Continua invece a mostrare le unghie e le zanne, come il felino in copertina l’ultima incisione prima del ritiro dalle scene: inciso in una sola notte, “The end of the game” rimane una scheggia accecante di blues strumentale sospeso tra jazz e psichedelia dove la sua chitarra rivaleggia con il piano di Zoot Money (già con Centipede e Animals) e il basso di Alex Dmochowski (dalle Mothers di Frank Zappa).

Lo scheletro del blues (Made in Japan #7)

Ecco il disco gemello di Debon dei Brast Burn: Alomoni 1985 dei Karuna Khyal. Due lunghi collage sonori su scheletri blues laddove il gemello era più legato alla psichedelia. Stesse menti dietro i due progetti? Difficile dirlo visto l’aura di mistero che circonda tanti musicisti giapponesi.
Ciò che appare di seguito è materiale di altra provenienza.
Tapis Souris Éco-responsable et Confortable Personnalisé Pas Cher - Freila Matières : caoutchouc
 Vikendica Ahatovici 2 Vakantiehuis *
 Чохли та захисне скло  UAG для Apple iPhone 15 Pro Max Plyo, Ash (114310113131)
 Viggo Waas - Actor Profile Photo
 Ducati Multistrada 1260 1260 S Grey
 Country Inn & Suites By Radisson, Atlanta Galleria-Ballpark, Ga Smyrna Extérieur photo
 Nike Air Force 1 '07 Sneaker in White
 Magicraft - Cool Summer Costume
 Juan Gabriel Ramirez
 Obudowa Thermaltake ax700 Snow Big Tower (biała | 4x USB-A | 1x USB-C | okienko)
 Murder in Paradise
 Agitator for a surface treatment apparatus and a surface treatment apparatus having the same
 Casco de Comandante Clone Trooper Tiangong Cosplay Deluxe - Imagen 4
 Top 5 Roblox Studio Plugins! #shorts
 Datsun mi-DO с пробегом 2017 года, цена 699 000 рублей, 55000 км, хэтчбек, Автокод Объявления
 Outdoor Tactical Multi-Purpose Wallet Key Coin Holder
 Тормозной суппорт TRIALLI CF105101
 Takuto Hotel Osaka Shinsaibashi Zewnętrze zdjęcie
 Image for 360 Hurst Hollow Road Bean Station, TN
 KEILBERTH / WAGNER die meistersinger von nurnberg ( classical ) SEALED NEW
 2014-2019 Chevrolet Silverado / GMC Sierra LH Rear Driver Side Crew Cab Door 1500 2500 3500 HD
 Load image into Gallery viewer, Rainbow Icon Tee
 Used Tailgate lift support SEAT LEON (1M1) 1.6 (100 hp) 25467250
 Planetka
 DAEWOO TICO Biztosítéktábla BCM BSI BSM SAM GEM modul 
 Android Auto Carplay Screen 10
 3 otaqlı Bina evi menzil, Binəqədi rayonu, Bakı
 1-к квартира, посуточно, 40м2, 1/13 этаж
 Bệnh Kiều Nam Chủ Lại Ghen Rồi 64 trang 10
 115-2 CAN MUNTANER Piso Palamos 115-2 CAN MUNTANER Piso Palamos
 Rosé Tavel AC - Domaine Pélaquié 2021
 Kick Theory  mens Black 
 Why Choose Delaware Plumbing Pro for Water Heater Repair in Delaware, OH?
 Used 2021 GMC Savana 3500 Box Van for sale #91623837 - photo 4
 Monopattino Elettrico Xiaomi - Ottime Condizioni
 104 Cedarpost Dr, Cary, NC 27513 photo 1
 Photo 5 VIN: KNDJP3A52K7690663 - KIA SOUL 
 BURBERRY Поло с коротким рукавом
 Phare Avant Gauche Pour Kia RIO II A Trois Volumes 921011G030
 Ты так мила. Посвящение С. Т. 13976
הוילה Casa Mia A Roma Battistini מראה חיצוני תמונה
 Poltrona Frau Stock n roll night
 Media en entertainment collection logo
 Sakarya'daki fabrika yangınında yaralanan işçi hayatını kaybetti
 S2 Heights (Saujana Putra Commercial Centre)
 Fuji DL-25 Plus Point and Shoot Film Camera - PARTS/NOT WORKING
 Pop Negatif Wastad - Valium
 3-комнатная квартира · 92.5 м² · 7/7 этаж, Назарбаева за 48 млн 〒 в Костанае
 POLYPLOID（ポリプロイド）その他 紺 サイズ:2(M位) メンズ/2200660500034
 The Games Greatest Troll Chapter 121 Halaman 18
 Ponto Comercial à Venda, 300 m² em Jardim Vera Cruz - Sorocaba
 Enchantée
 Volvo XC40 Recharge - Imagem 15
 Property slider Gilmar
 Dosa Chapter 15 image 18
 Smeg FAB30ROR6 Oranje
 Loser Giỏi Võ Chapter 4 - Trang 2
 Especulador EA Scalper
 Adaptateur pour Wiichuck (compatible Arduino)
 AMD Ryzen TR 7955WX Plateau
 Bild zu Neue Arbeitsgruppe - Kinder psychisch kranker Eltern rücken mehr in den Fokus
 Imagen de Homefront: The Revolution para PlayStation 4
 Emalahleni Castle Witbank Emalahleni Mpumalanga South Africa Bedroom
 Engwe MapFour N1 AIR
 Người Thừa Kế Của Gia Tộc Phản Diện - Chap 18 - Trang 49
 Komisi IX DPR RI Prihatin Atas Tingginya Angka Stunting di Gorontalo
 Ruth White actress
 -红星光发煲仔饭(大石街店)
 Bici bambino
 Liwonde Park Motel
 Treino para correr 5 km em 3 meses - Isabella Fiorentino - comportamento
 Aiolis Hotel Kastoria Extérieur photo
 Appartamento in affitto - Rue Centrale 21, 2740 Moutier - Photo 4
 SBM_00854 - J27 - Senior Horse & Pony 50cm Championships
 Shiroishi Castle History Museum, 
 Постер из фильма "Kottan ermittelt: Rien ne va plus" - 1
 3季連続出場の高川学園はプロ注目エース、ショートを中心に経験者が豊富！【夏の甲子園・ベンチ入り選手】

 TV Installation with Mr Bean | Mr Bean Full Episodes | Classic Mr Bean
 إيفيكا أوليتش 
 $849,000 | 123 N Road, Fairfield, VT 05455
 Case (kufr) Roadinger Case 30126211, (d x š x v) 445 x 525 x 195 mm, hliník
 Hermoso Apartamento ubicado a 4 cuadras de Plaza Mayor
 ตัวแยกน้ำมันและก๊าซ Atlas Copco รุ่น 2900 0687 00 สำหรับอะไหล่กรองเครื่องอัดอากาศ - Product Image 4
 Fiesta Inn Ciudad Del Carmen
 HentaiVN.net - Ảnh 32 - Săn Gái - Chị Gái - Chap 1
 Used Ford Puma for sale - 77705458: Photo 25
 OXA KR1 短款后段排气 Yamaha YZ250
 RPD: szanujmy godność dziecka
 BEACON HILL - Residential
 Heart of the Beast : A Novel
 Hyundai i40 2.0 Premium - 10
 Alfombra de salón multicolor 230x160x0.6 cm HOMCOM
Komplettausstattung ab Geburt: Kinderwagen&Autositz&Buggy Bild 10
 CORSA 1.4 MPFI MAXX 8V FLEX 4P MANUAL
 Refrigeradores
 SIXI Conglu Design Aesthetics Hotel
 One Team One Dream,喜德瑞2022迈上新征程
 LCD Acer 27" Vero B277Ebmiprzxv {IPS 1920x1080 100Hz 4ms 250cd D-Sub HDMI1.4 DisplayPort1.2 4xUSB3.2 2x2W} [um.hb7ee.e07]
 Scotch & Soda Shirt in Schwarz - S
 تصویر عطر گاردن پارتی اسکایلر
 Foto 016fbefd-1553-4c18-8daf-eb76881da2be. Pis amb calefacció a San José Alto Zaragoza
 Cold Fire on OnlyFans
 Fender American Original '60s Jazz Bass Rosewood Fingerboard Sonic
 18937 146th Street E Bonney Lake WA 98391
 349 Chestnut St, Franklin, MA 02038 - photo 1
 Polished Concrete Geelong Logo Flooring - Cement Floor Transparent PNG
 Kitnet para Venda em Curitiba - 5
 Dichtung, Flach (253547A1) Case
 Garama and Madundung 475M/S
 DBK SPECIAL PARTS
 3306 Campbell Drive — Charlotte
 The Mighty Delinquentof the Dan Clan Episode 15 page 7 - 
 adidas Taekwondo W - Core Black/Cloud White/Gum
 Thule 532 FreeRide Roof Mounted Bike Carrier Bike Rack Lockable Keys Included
Panni sporchi (Made in Japan #5)

Sulle mani lordate di sangue di Keiji Haino si coagulano i grumi sonori di un delitto efferato che si ripete continuamente in una discografia sterminata e incerta fatta per lo più di pessime registrazioni live. Una delle catastrofi più imponenti e clamorose è il primo live a nome Fushitsusha, pubblicato nel 1989 ma probabilmente risalente al 1978. Un massacro sonico di quasi cento minuti sul corpo del blues e della psichedelia degli anni sessanta. Scommetto che a Jimi Hendrix sarebbe tanto piaciuto!